Deep in the Heart of Texas
This article is from the archive of The New York Sun before the launch of its new website in 2022. The Sun has neither altered nor updated such articles but will seek to correct any errors, mis-categorizations or other problems introduced during transfer.
Writers who fall in love with a landscape risk purple prose. The silence of any landscape mocks the wonderful rush of vocabulary, scientific and metaphoric, that floods the writer’s imagination.
“When we came into this country, runaways, renegades, we were like birds that had to sing,” writes Rick Bass, a celebrated stylist and sometime activist. Mr. Bass’s new collection, “The Lives of Rocks” (Houghton Mifflin, 211 pages, $23), suggests that the writer’s compulsion to write, or “sing,” has as much to do with psychology as it does with landscape. Mr. Bass dramatizes the temptations of purple prose.

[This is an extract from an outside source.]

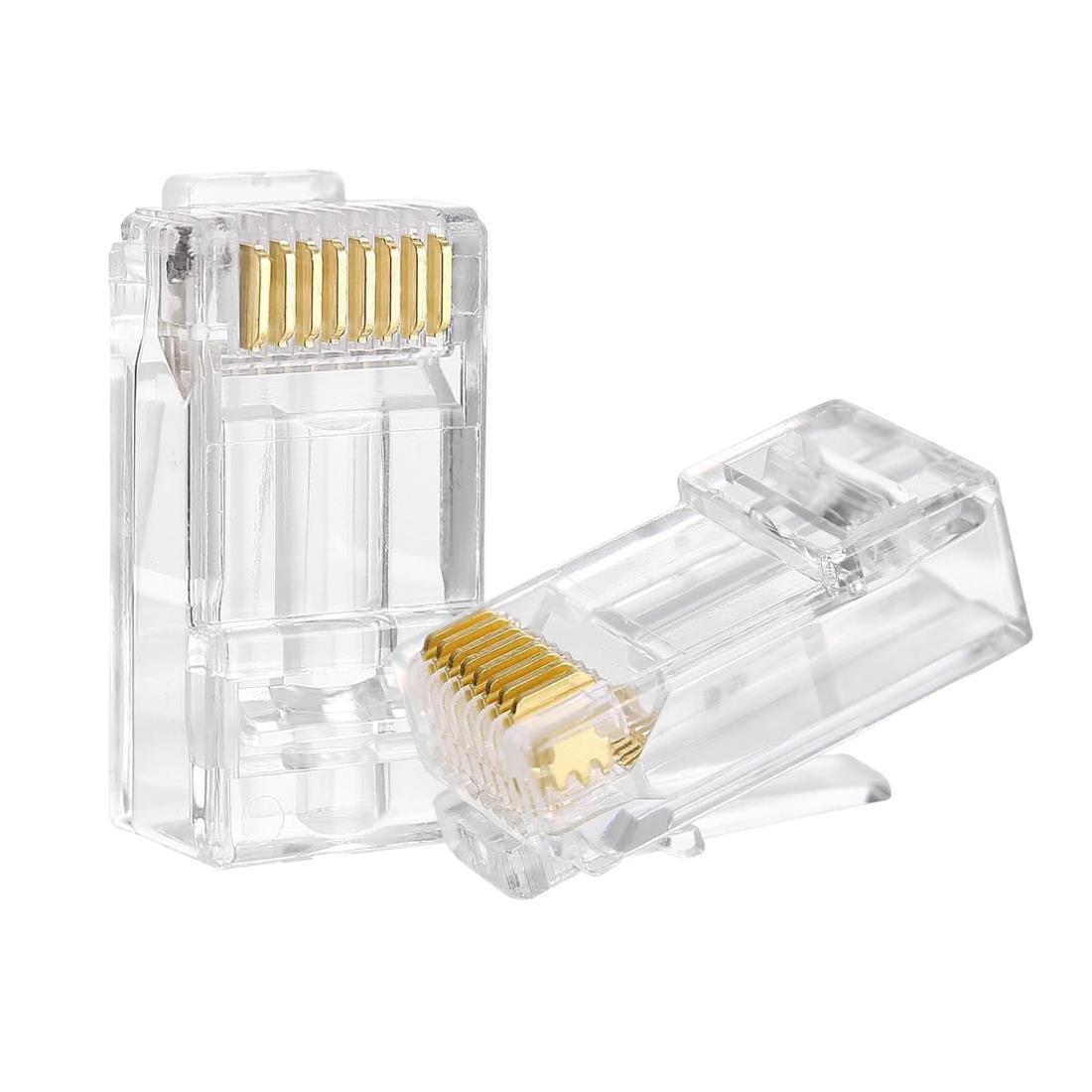 Aurooooa 10個 cat6 コネクタ lan rj45コネクタ 単線ヨリ線対応 配線簡単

He turns the pathetic fallacy on its head, and instead of projecting his feelings onto the view, he invents characters who try to use the view to interpret their own feelings. Mr. Bass makes sure that the task is never easy.

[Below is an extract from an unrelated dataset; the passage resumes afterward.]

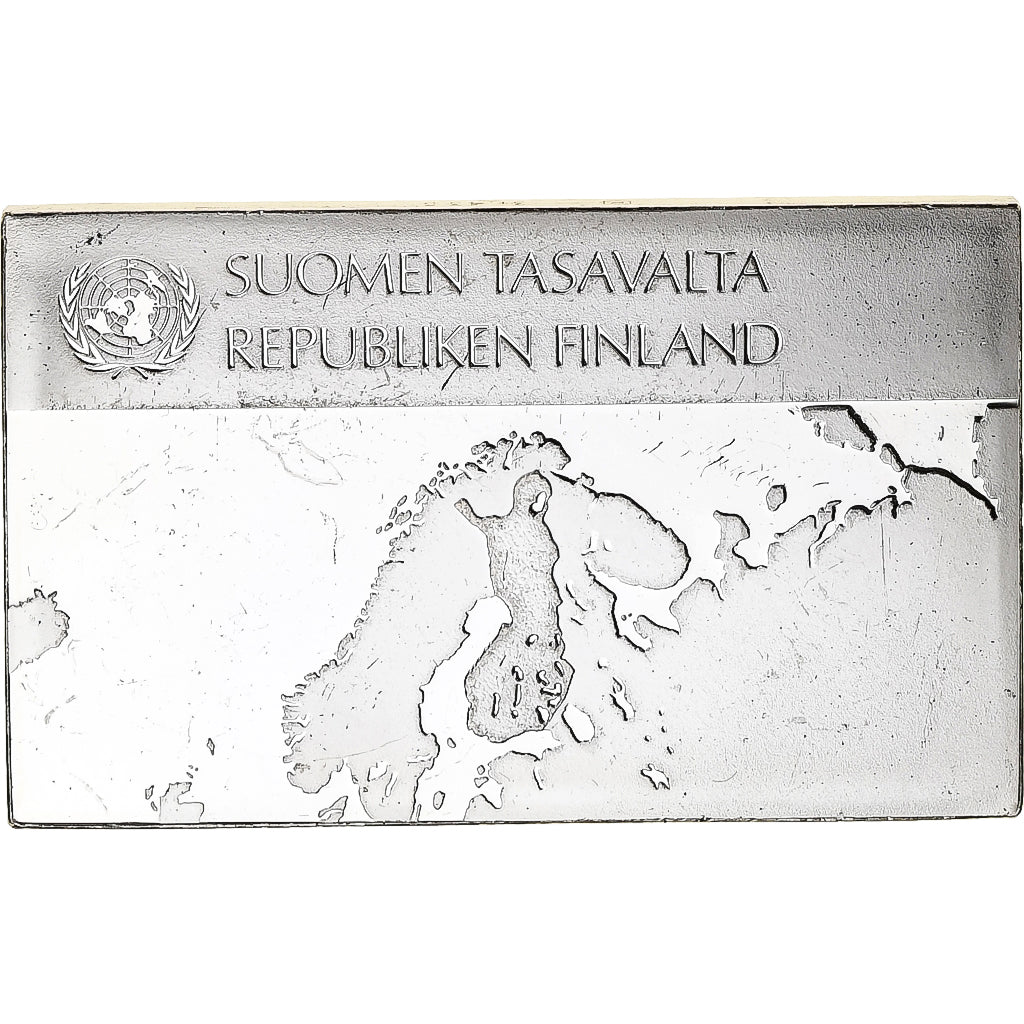 France, Medal, United Nations Flags, Finland, Silver, AU(55-58)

In “Pagans,” Mr. Bass puts a teenage love triangle in the context of a strange terrain: the mouth of the polluted Sabine River, on the gulf coast, in a neighborhood of refineries that burn all night. Two senior boys spend their skip days playing with an old abandoned crane, dipping a diving bell into the river and assembling a midstream island out of nearby wreckage. Pretty soon, a girl from the junior class, Annie, starts tagging along, and the boy’s roguish fooling turns innocent, magical, and then gets uncomfortably loaded:
Sometimes they would be too restless to fool with even the magnificence of the crane. Bored with the familiar, the three of them would walk down the abandoned railroad tracks, gathering plump late-season dewberries, blackening their hands with the juice until they looked as if they had been working with oil. Kirby or Richard would take off his shirt and make a sling out of it in which to gather the berries.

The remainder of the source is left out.